== Task directions ==
In the data below, find the line with "rumah di Jl." and the line with "The space is", then restate both and every line between them exactly, minus the pictures.

Segment Start: Listed records

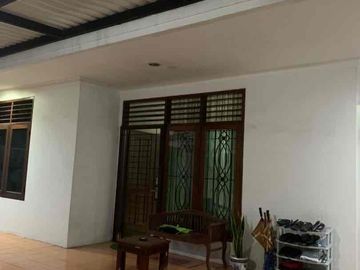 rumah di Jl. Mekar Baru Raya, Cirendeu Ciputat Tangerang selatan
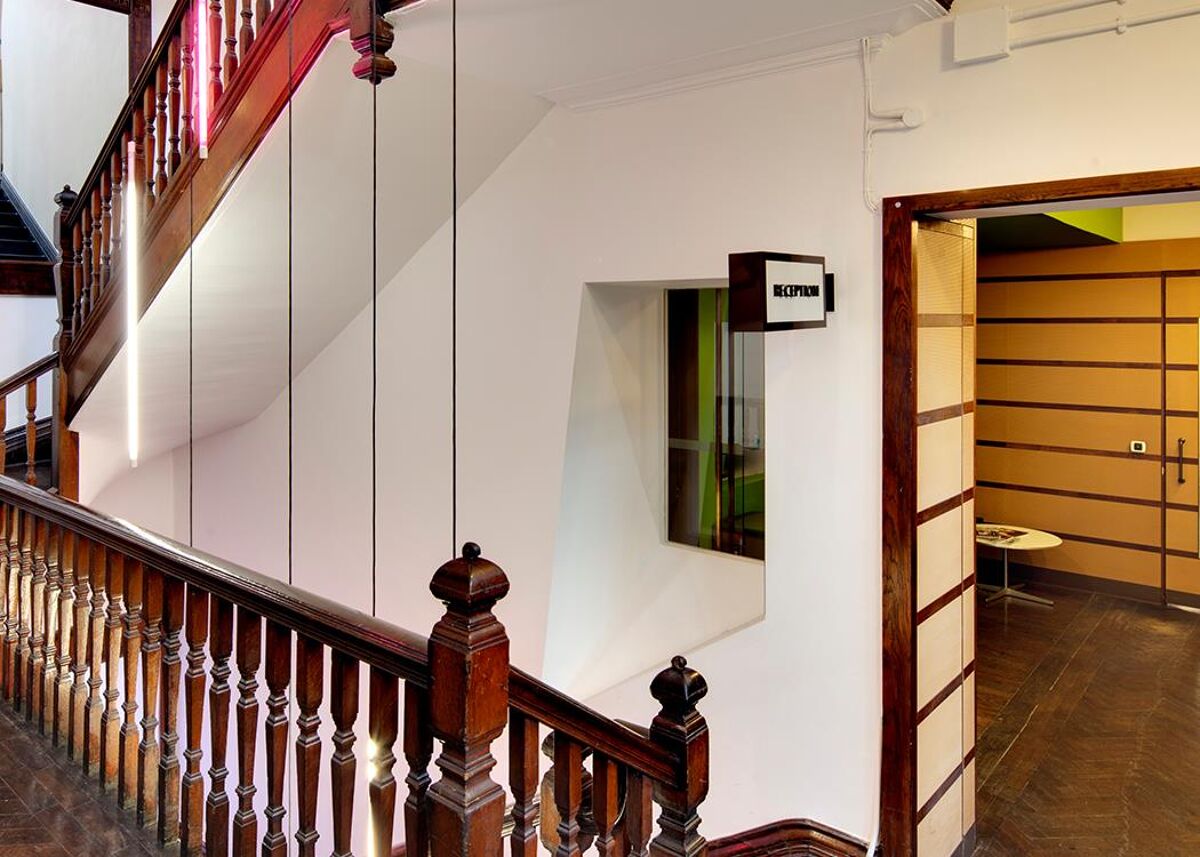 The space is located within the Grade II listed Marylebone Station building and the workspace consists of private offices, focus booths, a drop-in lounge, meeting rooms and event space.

Segment End: Listed records
Segment Start: Listed records

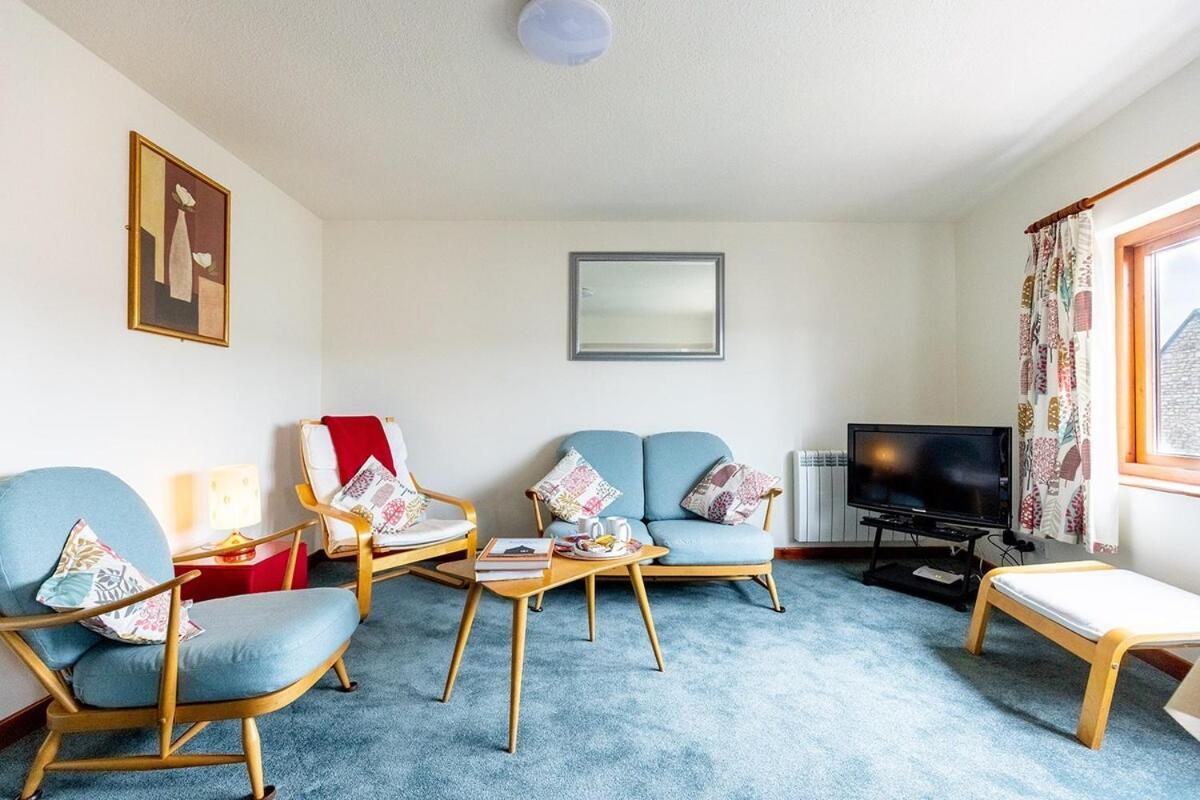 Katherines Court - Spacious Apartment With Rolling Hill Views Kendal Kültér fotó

Segment End: Listed records
Segment Start: Listed records

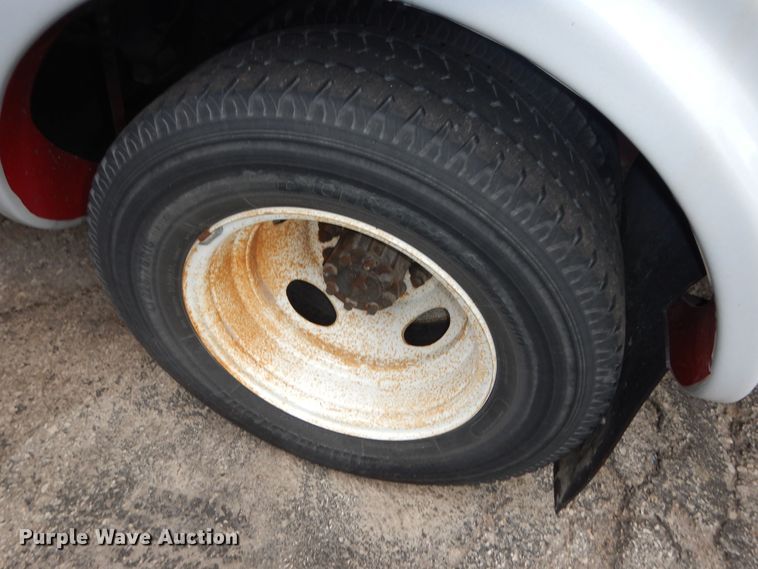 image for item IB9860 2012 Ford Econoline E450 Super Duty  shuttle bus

Segment End: Listed records

== Result of this task ==
 rumah di Jl. Mekar Baru Raya, Cirendeu Ciputat Tangerang selatan
 The space is located within the Grade II listed Marylebone Station building and the workspace consists of private offices, focus booths, a drop-in lounge, meeting rooms and event space.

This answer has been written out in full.